We hope and pray that nothing will happen to our home, but it’s a good idea to be prepared “just in case.” You likely have insurance on your home and many material things in your house can be easily replaced should disaster strike. Other things like photos and important documents can be hard or impossible to replace. Missing documents can make it harder to rebuild after disaster strikes. That’s why it is a good idea to keep them safe and secure.
A good fire safe will survive a lot of damage. Invest in a quality one for any documents you want to keep at home. You can get a fairly small box that can be stashed away in a closet or cabinet. Make sure both you and your spouse know where the safe is kept and has a key to open it.
2. Get A Bank Deposit Box
You may also want to rent a bank deposit box and store important documents, or notarized copies of them there. This will come in handy when you need the information on the documents (i.e. your insurance policy number), or you need to replace documents that didn’t survive a home emergency.
3. Make Physical Copies
It’s amazing how much easier it is to get a replacement passport or birth certificate if you have a copy of the original. That’s why it’s helpful to make these paper copies and keep them in a secure offsite location (like a bank deposit box). You could also keep them at a family member’s home. Make sure the copies are stored safely to avoid issues like identity theft.
4. Make Digital Copies And Store Them Online
Go ahead and scan the documents or take pictures of them with your phone and store them on a secure online server. Places like One Drive, or even Google Photo, will store quite a bit of information for you free of charge. Since your document scans are living in the cloud, you can easily access them from anywhere with your phone or a borrowed computer. This also makes it easy to email them off to insurance agents, or government officials to get replacement documents made.
5. Upload to Thumb Drives
Upload copies of your important documents to thumb drives. You can keep one in your purse or wallet, car, everyday carry bag, and your bug-out bag. Set passwords so that they can’t be accessed if lost or stolen. Thumb drives frequently go on sale; I recommend purchasing them in multi-packs.

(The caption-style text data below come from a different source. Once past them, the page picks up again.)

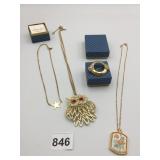 OWL PENDANT NECKLACE RED EYES GOLD TONE MOVEABLE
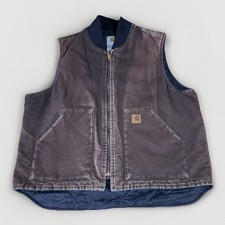 Vintage Carhartt V02 DKB brown work wear vest quilted lined arctic faded XL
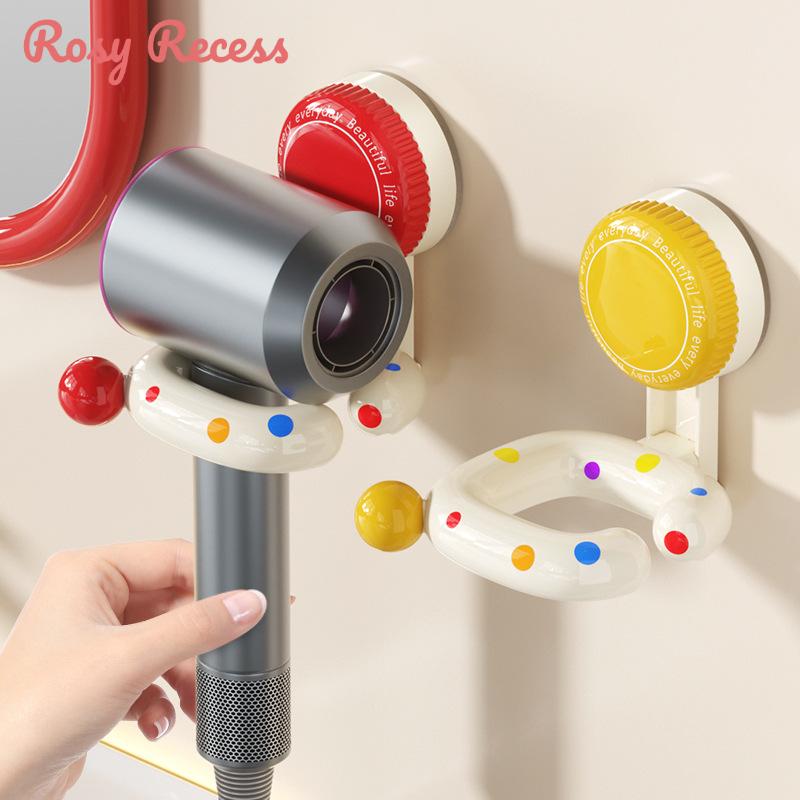 Hốc hồng dễ thương Polka Dot kệ đỡ Máy sấy tóc gắn tường với Non-Slip thiết kế cho phòng tắm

Spend a little time this week to sort through your most important documents and get your paperwork in order. It won’t take you long to scan them, take pictures of them, and/or make photo copies. The little work you’re doing now to be prepared will potentially safe you a lot of headache down the road.
Schedule it on your calendar to revisit your documents every 6 months to make sure everything is up to date and in order. Once the original setup is done, it will be much easier to keep up with it. You’ll likely only need to change out one or two document copies a year.